Look below for the line that contains "England vs Pakistan", and write out exactly that line and all remaining lines of the listing, omitting pictures.

GIVEN DATA –
-- Opening Marker --

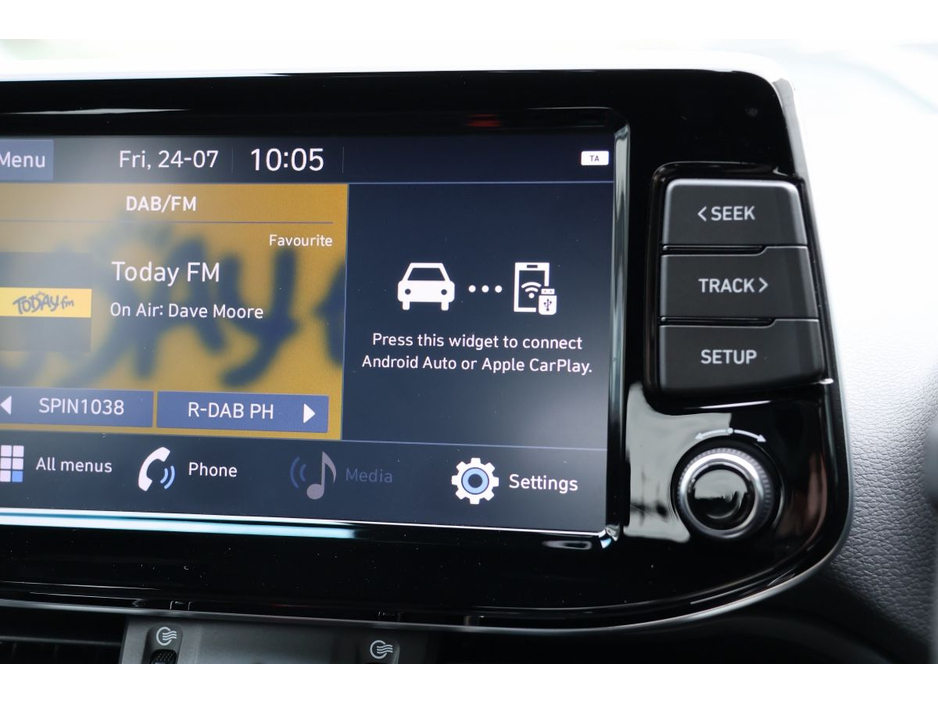 Hyundai i30 Petrol Deluxe NLine — thumbnail 21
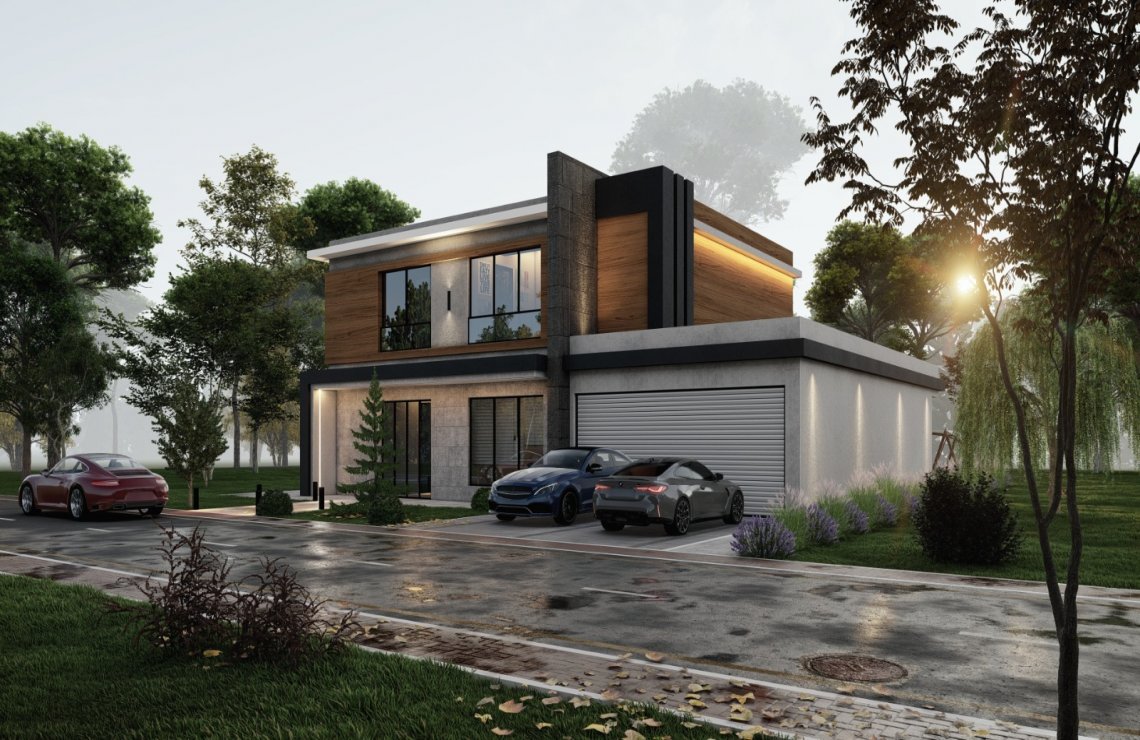 Nişantaşında Kiralık Modern 2+1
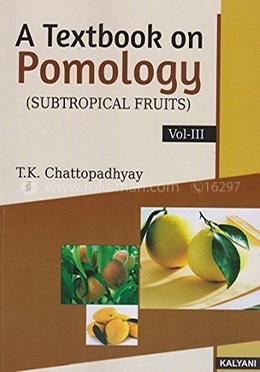 A Textbook of Pomology Vol. III. image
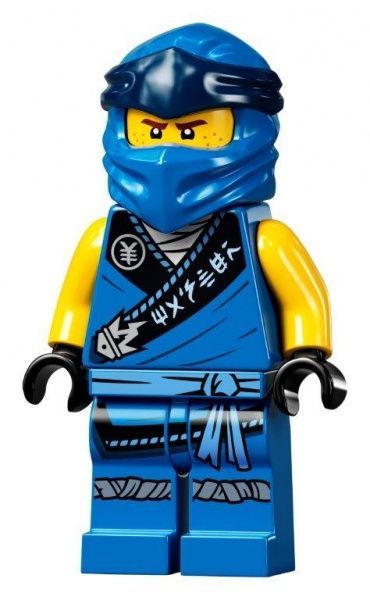 Конструктор LEGO Ninjago Електричний робот Джея 71740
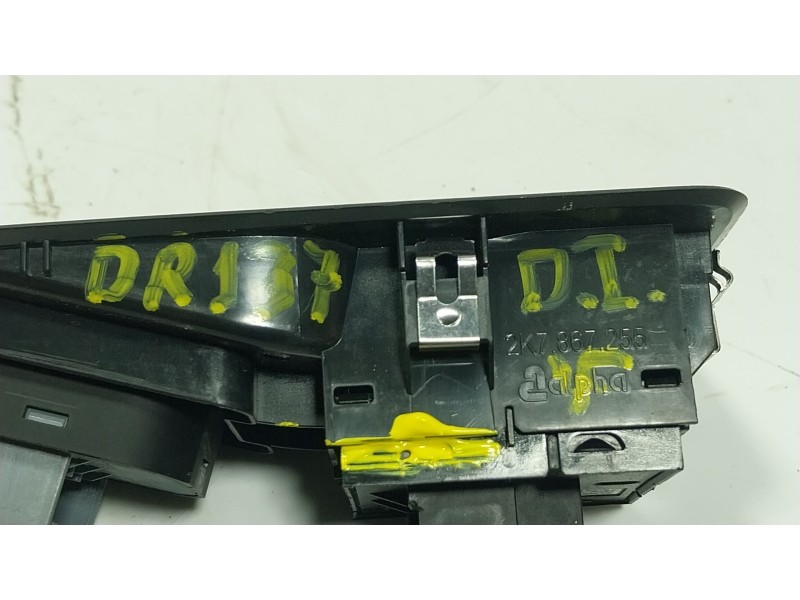 Recambio de mando elevalunas delantero izquierdo para volkswagen caddy v monospace (sbb, sbj) 2.0 tdi bmt referencia OEM IAM  7L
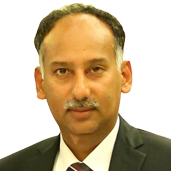Vijil Mathew,GM, Omnex India & S.E. Asia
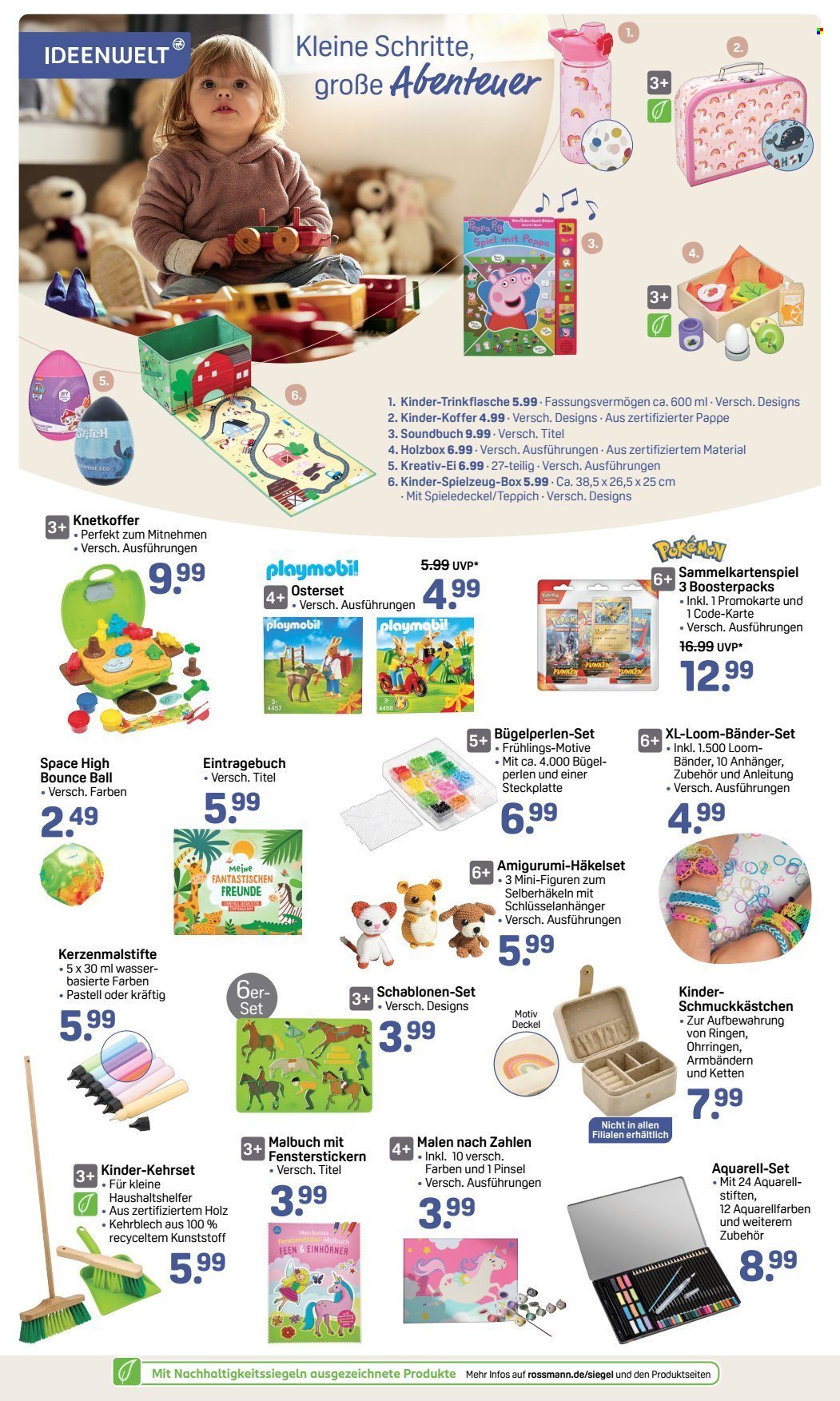 Rossmann Prospekte  - 3.03.2025 - 7.03.2025. Seite 2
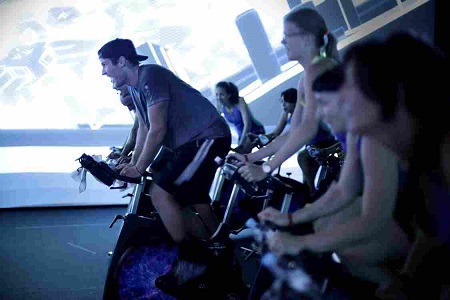 ‘THE PROJECT IMMERSIVE FITNESS’ - Reebok - Les Mills (6)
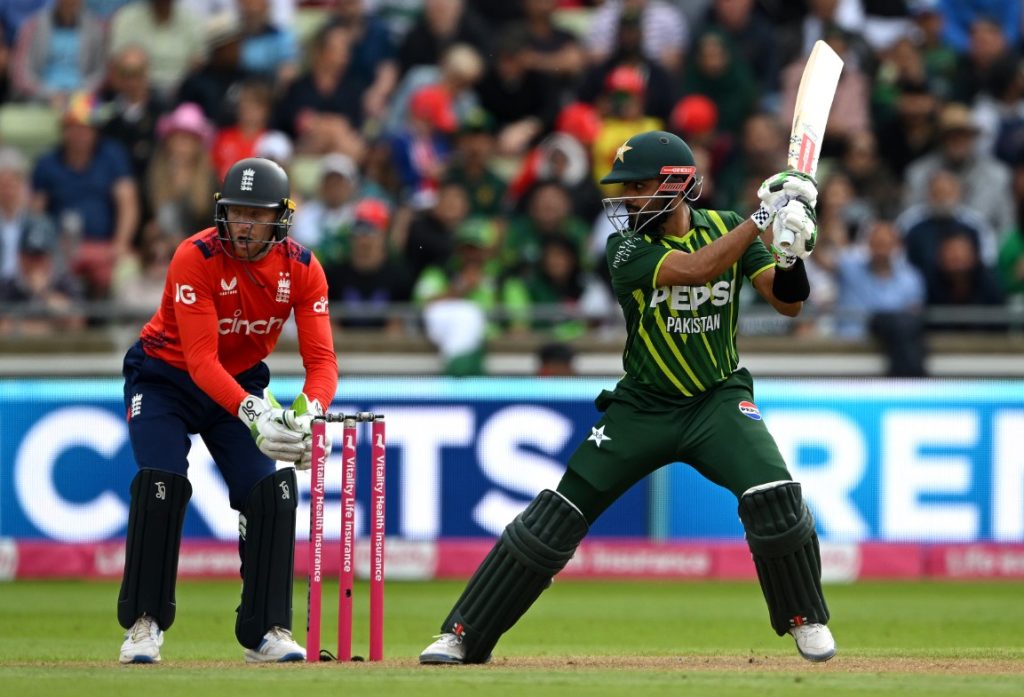 England vs Pakistan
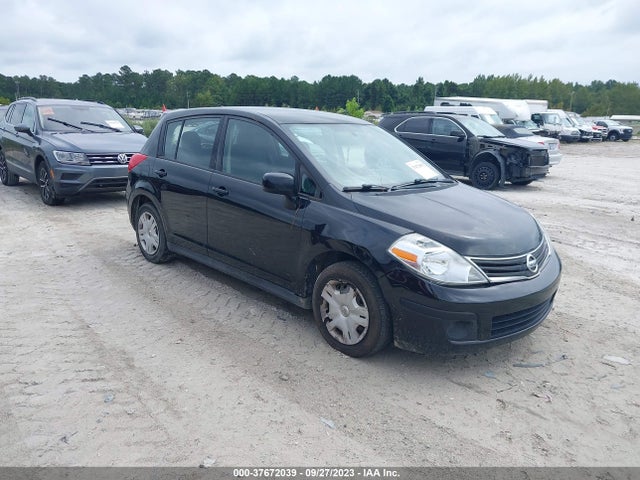 2012 NISSAN VERSA S VIN: 3N1BC1CP0CK286625
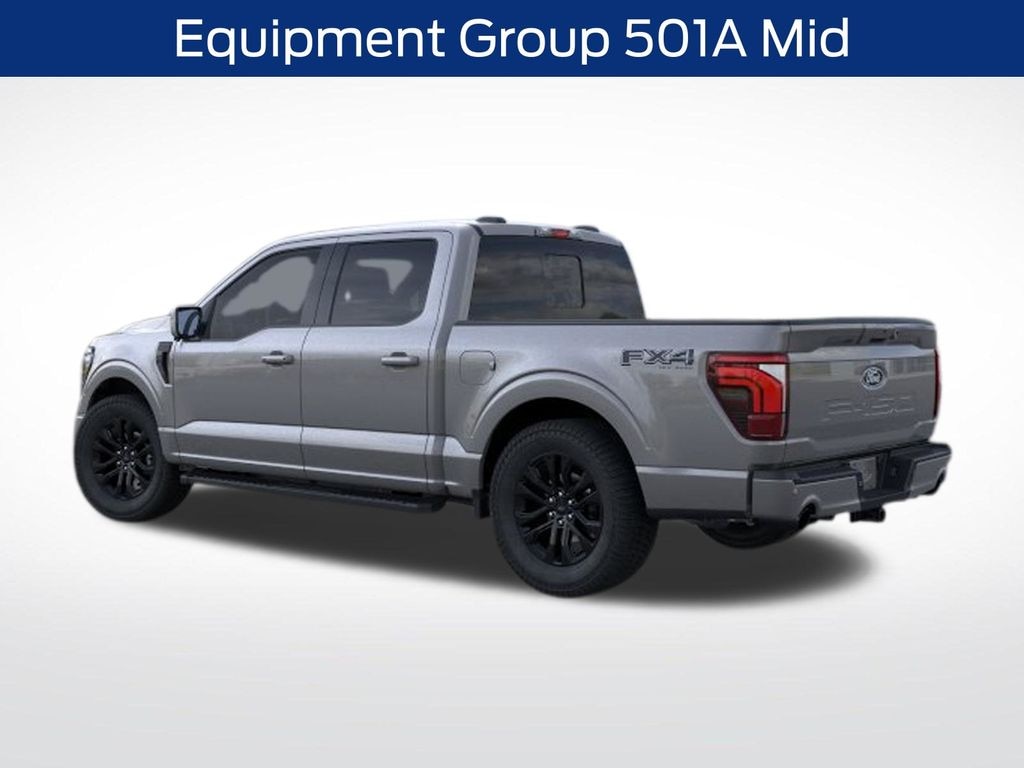 New 2026 Ford F-150 Lariat Truck SuperCrew Cab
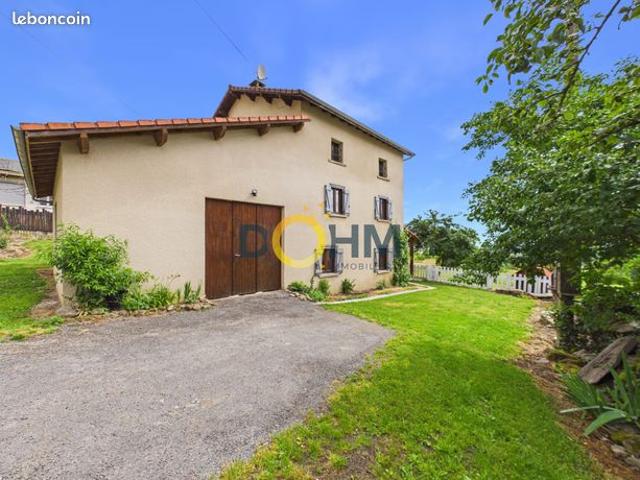 Maison 4 pièces 105 m²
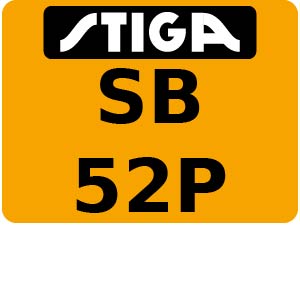 SB 52 P - Brushcutter Parts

-- Closing Marker --

RESPONSE FOR THIS EXERCISE –
 England vs Pakistan
 2012 NISSAN VERSA S VIN: 3N1BC1CP0CK286625
 New 2026 Ford F-150 Lariat Truck SuperCrew Cab
 Maison 4 pièces 105 m²
 SB 52 P - Brushcutter Parts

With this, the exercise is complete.